For all that GitHub has given to the developer community, an innocent mistake
even of this proportion of incompetence is still should not evoke such hatred.
And those upset about someone's account being suspended who was actively
misusing security holes - well, maybe you should use a provider who looks
positively upon reporting security holes by vandalizing customer data. And
they suspended his account for only a few hours! Unreasonable? Hate inspiring?
Outrageous?
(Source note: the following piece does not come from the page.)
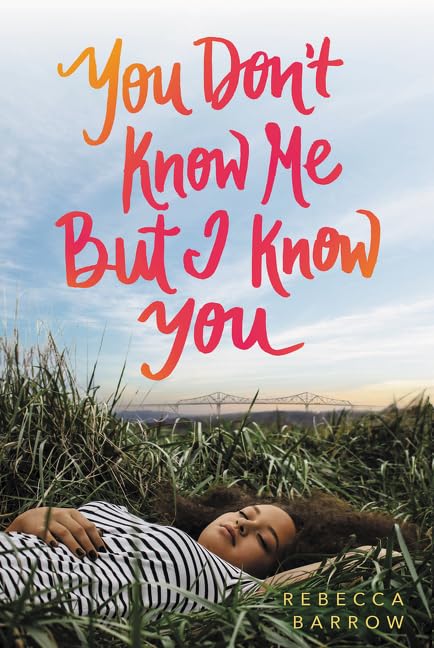 You Don't Know Me but I Know You book cover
I think not.

And by the way, the fact the "issue" of the default had been reported 4 days
earlier in a github issue tracker for Rails (which is certainly not followed,
let alone on weekends, by github employees) does not in any way impact whether
GitHub should have been aware of this vulnerability, and to suggest so is
intellectually dishonest.

------
ktizo
I'm starting to like homakov more after reading this article.

------
mkramlich
I'm not too worried about the ability of an attack to push a commit, or cause
a commit/object deletion in a repo's history, on GH, because most smart folks
(if not everybody, by default) will have multiple copies of a repo across
multiple machines, with backups, so anything can be undone or restored. (And
trust me, I have the imagination to understand how an unauthorized commit/push
could lead to a situation enabling remote execution on client machines who've
pulled down tainted commits. Think build scripts that have "install
rootkit/malware/keylogger" commands added to them in the mal commits.)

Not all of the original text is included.